Readable English names for some Perl special variables are provided by the English Perl module. $MATCH gets a copy of the substring successfully matched. Without using the English Perl module $MATCH would have to be called $&.

use English;
$string = "Novice to Expert in a 3 day Perl course.\n";
if( $string =~ /Perl\s+\w+/ ) {
  #             ^^^^          matches Perl
  #                 ^^^       matches one or more white space characters
  #                                    (including space, tab and newline)
  #                    ^^^    matches one or more alphanumeric characters
  print "Matched: $MATCH\n";  # Matched: Perl course
}
#  \w?    Zero or one letter, digit or underscore
#  \w     One letter, digit or underscore
#  \w*    Zero or more letters, digits or underscores
#  \w+    One or more letters, digits or underscores
#  \W     One character but not a letter, digit or underscore

#  \s     White space character, space, tab or newline
#  \S     One character but not a space, tab or newline


Groups

Sub expressions can be grouped together and stored in back reference buffers. Round brackets are used to (group) sub expressions. The back reference buffers have the names $1, $2, $3 etc.
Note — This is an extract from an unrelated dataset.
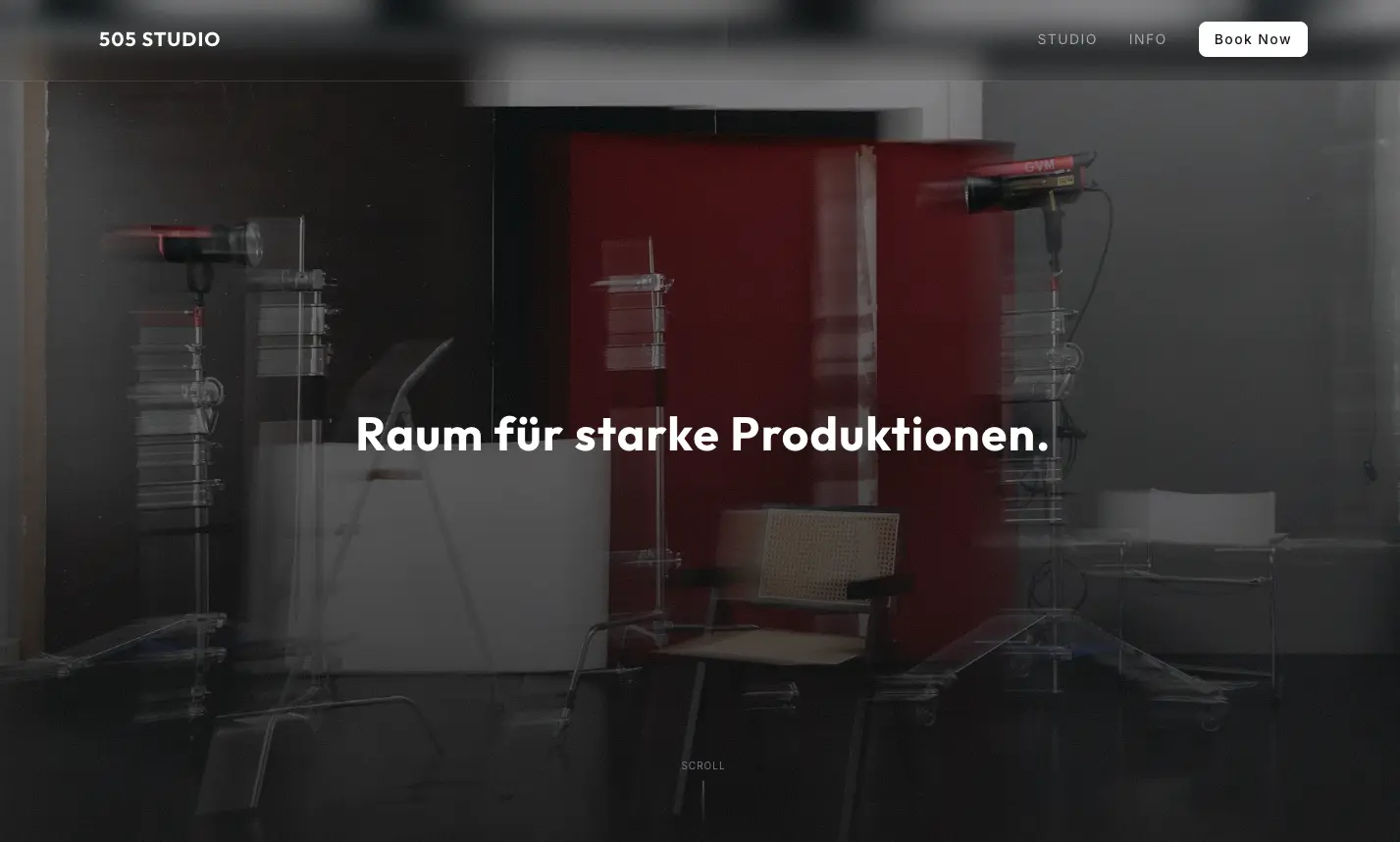 Umgesetzte Website für das Fotostudio 505 Studio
The substring that matches the first bracketed group is copied into $1. The second into $2 etc.

There is a Xilinx Vital timing model in a file called chip_timesim.vhd. Here is one component instantiation from it:

  c4_n001449 : X_LUT4
    generic map(
      INIT => X"0001"
    )
    port map (
      ADR0 => c4_count(4),
      ADR1 => c4_count(18),
      ADR2 => c4_count(3),
      ADR3 => c4_count(5),
      O => CHOICE121_pack_1
    );

 

The component name, X_LUT4, could be matched using a regular expression containing a group. This short script opens the file, finds every component instantiation reporting the component name.
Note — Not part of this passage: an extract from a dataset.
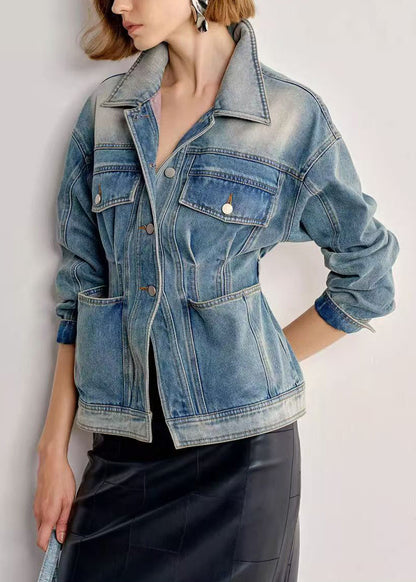 Italian Gradient Color Peter Pan Collar With Pockets Denim Coats Spring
open( VHDL_FILE, 'chip_timesim.vhd' );
while( $line = <VHDL_FILE> ) {
  if( $line =~ /\w+\s*:\s*(X_\w+)/ ) {
#               ^^^                      Instance label
#                  ^^^                   Zero or more white space characters
#                     ^                  :
#                      ^^^               Zero or more white space characters
#                          ^^^^^         Group containing a word beginning with X_
#                                                                 (copied into $1)
    print "Found instantiation of $1\n";
  }
}


Netlist Filtering

The following script takes the filename of a Xilinx netlist from the command line. It finds and counts every component instantiation. Finally, it prints a list of all the component names found and the number of appearances.

# Pulling it all together
# Everything in this script is described above

$netlist_filename = $ARGV[0];
open( VHDL_FILE, $netlist_filename );

while( $line = <VHDL_FILE> ) {
  if( $line =~ /\w+\s*:\s*(X_\w+)/ ) {
    $component_hash{$1}++;
  }
}

@name_array = keys %component_hash;
foreach $component_name ( @name_array ) {
  print "$component_name: $component_hash{$component_name}\n";
}

Extracting information from text files is easy given a little Perl knowledge. The following output was generated by the above script:

X_FF: 56
X_AND2: 29
X_ONE: 25
X_INV_PP: 23
X_BUF_PP: 395
X_ZERO: 4
X_TOC: 1
X_XOR2: 53
X_BUFGMUX: 1
X_OR2: 8
X_ROC: 1
X_MUX2: 96
X_LUT4: 123
X_TRI_PP: 20

The formatting can be improved. There are many more features and tricks in Perl. This is a useful subset that can help you to do some things straight away.